The Garden Route District Municipality has experienced severe rainfall, causing a second incident of flooding in less than a month.

THE Garden Route District Municipality has experienced severe rainfall, causing a second incident of flooding in less than a month.

This followed a revised impact-based warning for severe thunderstorms from the SA Weather Service (Saws) on Saturday. Saws said rainfall figures of more than 100mm were received and measured at its sites in the region.

Providing an update on the floods, Department of Water and Sanitation (DWS) acting provincial head Ntombizanele Bila-Mupariwa said that while heavy rains were welcome to boost water availability, water could be dangerous and potentially lethal at times.

“A fortnight ago, the Southern Cape experienced flooding, which resulted in the evacuation of people in Thembalethu, Skaapkop Valley and Pacaltsdorp and other areas.”

She said the Meiringspoort pass in the De Rust area had to be closed due to a burst in the Klaarstroom catchment leading to the river flooding, however the pass had since been reopened.

“All the major coastal dams were already full as a result of the recent high rainfall event of November 22, and due to the significant rainfall received, all of them are increasing and overflowing.

“The Provincial Disaster Management Centre (PDMC) and sector departments are visiting all the affected municipalities in the Garden Route District Municipality to verify the flood damage.”

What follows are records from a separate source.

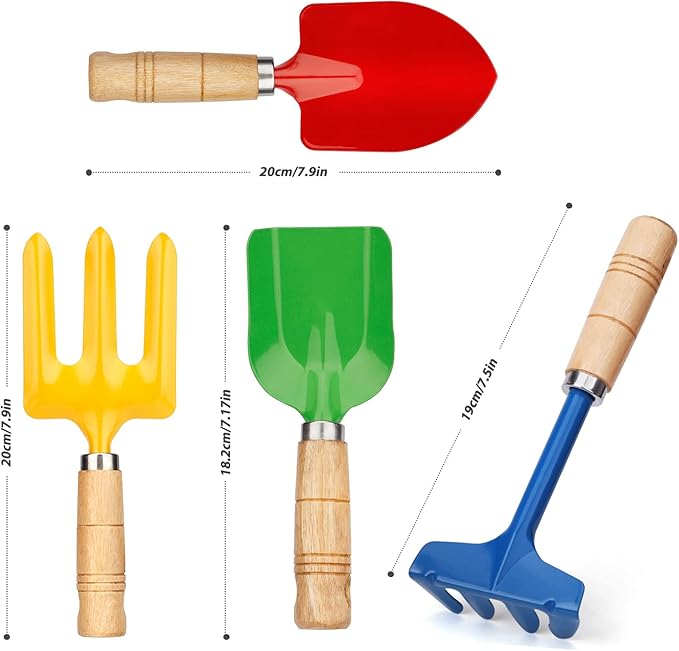 Anzmtosn Kids Metal Garden Tool Set Sand Toy, Rake, Spade, Hoe and Leaf Rake, Beach Shovels Scoop Toy, Essential Toddler Sandbox Kit Beach Gear Accessories Outdoor Gardening, 4 Pack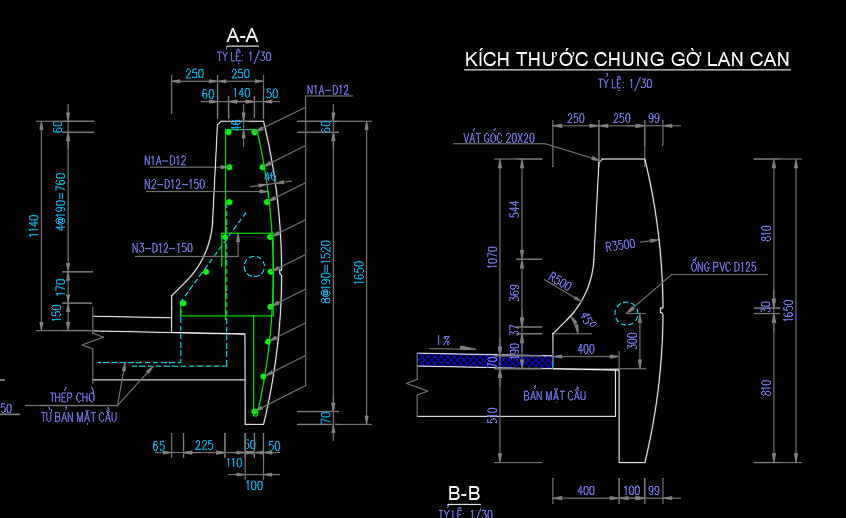 Bản vẽ thiết kế gờ lan can bê tông trên cầu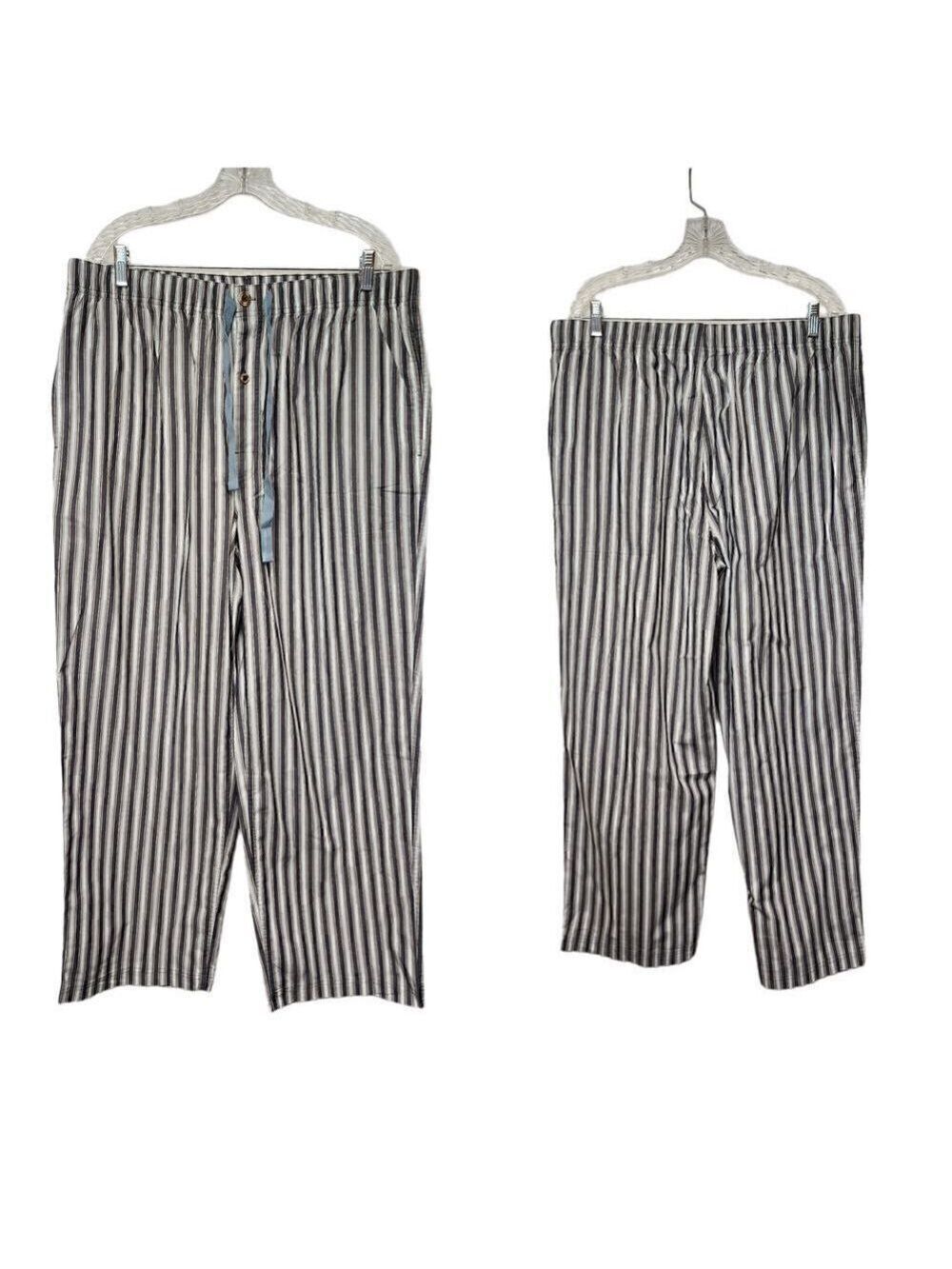 CREMIEUX LOUNGWEAR PLAID GRAY/BLUE ELASTIC DRAWSTRING PAJAMA PANTS SIZE XL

The latest hydrological report from DWS indicates an improvement of the Gouritz River Catchment System that covers the Central Karoo, the Little Karoo and the coastal belt of the Southern Cape.

The combined dams average of the catchment system stands at 34.6% compared to 31.4% at the same time last week.

The Olifants/Doorn River Catchment on the West Coast is standing at 98%, a significant yield compared with 89% at the same time last year.

The only dams that have recorded increases of more than 5% this week are Bulshoek, Buffeljags, and Gamkapoort.

Theewaterskloof Dam, the largest dam in the Western Cape, is stable at 98.8%.

Meanwhile, the City reported that the level of dams supplying the Cape Town Metro increased by 0.1% in the past week, from 98% the previous week to 98.1%.

At the same time last year, dam levels were at 96.9%.

Daily water consumption for the same period decreased to 786 million litres per day, down from 825 million litres the week before.